Tumour cell karyotypes from patients with Burkitt lymphoma (BL) or Burkitt's type leukemia (ALL3) were studied for correlation with survival, bone marrow and cerebral spinal fluid involvement (CSF), human immunodeficiency virus (HIV) serology, and for recurrent cytogenetic abnormalities.
The records of 22 patients with BL from our institution and of 148 cases of BL and ALL3 reported in the literature with karyotypes were evaluated for clinical and cytological features.

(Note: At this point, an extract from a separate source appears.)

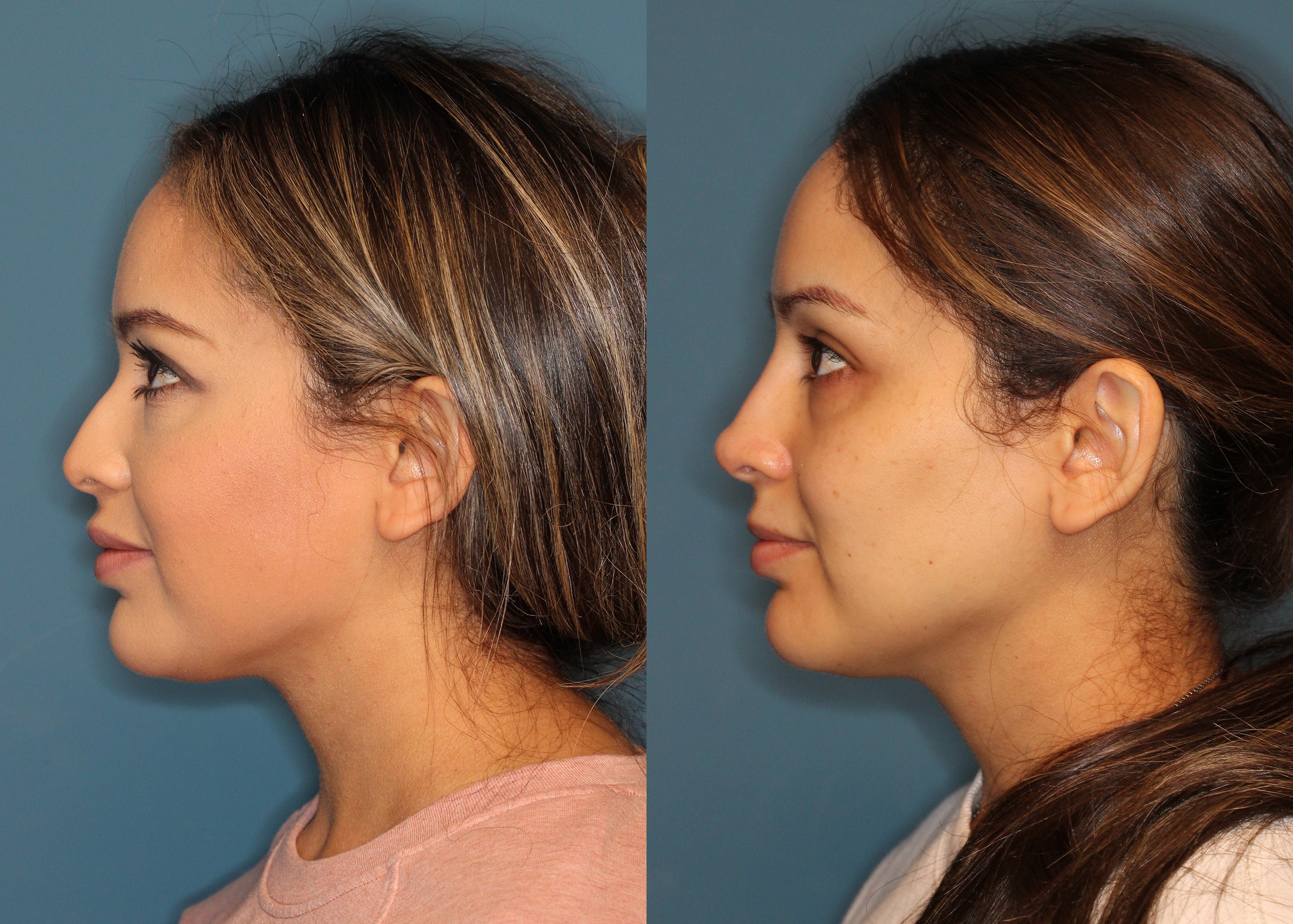 Non Surgical Rhinoplasty Before and After photo by Dr. Abigail Rodriguez in Houston, TX Non Surgical Rhinoplasty Before and After photo by Dr. Abigail Rodriguez in Houston, TX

Overall survival was only 28 per cent and 88 per cent of deaths occurred within the first nine months after diagnosis. Those who survived at least 18 months were unlikely to relapse. Age and gender did not significantly affect survival. Patients presenting with advanced Ann Arbor stage, bone marrow or CSF involvement had lower survival rates. The association of translocations involving chromosome band 8q24 with this disease is confirmed. Sixty-two per cent of karyotypes had t(8; 14)(q24;q32) translocations; the recognized variant translocations t(8;22)(q24;qll) and t(2;8)(p12;q24) affected 12 per cent and 9 per cent respectively. Seventeen per cent had abnormal karyotypes but no classic translocation. Patients with variant translocations had the poorest survival rates, and those with the classic t(8;14)(q24;q32) did the best. Despite a small sample size, the variant translocation t(8;22)(q24;qll) appeared to occur at an increased frequency in the patients with AIDS. In the entire group, recurrent involvement of chromosome regions lq2, 6qll-14 and 17pl suggests that alteration of genes at these loci, B Cell Growth Factor (BCGF) at lq2 and p53 on 17p, may contribute to the development and progression of this tumour. Similarly, the frequent trisomies ofchromosomes 7,8,12 and 18 may indicate an effect on tumour cell growth due to increased gene dosage. Trisomy 12 was found in eight tumours, five from patients with AIDS, suggesting that chromosome 12 has a site or gene whose allelic dosage is selected for in AIDS related lymphoma cells.
Cytogenetic studies of adult Burkitt lymphoma and leukemia suggest several likely loci for gene alterations that in conjunction with myc translocations can lead to tumorigenesis.